James Earl Massey is indeed an impressive figure. His dignified persona, Christian grace and preaching and teaching experience offer much to preachers who come after him. Those who meditate over the themes he raises in The Burdensome Joy of Preaching will find their pulpit effectiveness enhanced.
Taylor, Barbara Brown, Ronald Allen, ed. Teaching Sermons on Suffering: God in Pain, Nashville: Abingdon, 138 pp. ISBN 0-687-05887-2
Preachers who are looking for prepackaged sermons to lift out and preach for themselves may not appreciate this volume by Barbara Brown Taylor. Preachers whose main objective in reading sermons is to scour them for illustrations may or may not appreciate Taylor’s work. Those who desire to have their sense of wonder at the homiletical skills of a master craftsperson deepened will find Taylor’s sermons wonderfully stimulating.
Barbara Brown Taylor is an Episcopal priest in Clarkesville, GA who has also been named in the Baylor University survey of preachers as one of the twelve most effective preachers today. These 23 sermons appear in a series edited by Ronald Allen which seeks to elevate the teaching ministry of the pulpit. Although these appear in a series whose intention is to teach, they do not come across as didactic sermons as one would traditionally conceive of such.
Nevertheless, Barbara Brown Taylor is a superb wordsmith and a master of the homiletical craft. The teaching of these sermons comes through a fresh glimpse of the images she chooses to present rather than through propostional statements. The reader will be allowed to share in 23 sermons divided into the categories of the pain of life, the pain of death, and preaching Christ crucified. A more perfect symmetry might have been attained if a section had been included on the hope of resurrection. One does sense that note coming through the individual sermons.
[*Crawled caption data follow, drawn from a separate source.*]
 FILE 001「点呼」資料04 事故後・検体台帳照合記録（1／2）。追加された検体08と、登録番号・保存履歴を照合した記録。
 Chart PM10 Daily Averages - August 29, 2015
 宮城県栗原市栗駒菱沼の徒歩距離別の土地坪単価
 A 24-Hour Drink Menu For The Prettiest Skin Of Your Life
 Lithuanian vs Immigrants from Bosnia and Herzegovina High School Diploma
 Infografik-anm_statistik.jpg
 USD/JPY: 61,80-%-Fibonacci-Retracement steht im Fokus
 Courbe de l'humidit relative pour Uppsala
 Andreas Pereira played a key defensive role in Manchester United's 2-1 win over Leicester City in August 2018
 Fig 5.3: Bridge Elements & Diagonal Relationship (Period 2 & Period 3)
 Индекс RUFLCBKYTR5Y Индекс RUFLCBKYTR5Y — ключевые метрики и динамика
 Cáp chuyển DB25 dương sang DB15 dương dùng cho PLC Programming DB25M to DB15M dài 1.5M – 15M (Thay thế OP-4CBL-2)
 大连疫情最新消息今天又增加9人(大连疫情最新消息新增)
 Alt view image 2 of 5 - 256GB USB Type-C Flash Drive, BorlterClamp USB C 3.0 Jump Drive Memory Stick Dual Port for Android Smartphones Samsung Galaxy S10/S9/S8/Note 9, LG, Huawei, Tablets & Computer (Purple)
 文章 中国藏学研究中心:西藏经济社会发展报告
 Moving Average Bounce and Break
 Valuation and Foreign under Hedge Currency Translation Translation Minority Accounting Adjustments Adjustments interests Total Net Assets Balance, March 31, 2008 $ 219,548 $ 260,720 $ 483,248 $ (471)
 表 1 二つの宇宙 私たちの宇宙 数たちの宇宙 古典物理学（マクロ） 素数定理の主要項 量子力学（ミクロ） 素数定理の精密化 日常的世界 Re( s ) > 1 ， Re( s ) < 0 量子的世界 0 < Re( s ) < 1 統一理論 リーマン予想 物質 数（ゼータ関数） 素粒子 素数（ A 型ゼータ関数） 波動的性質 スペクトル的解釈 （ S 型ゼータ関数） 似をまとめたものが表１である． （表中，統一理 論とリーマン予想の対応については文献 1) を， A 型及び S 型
Preachers who allow Taylor’s giftedness with words to saturate their minds will be blessed indeed and find their preaching strengthened.
Stephen Farris, Preaching That Matters, Louisville: Westminster John Knox Press, 165 pp.
Stephen Farris states three convictions and asserts three claims in setting forth his premise in Preaching that Matters. He snares the convictions that God has spoken, that His speech comes through the history of Israel and the life, death, and resurrection of Jesus Christ, and that God speaks through contemporary preaching. Out of those convictions comes a series of claims — God has spoken to us in the scriptures, we hear a voice from beyond, and that we fallible humans can preach a word that comes from God. There would be little disagreement with Farris regarding his convictions and the claims he draws from those convictions. The substance of Preaching that Matters is an attempt to delineate how preachers can deliver a word that matters.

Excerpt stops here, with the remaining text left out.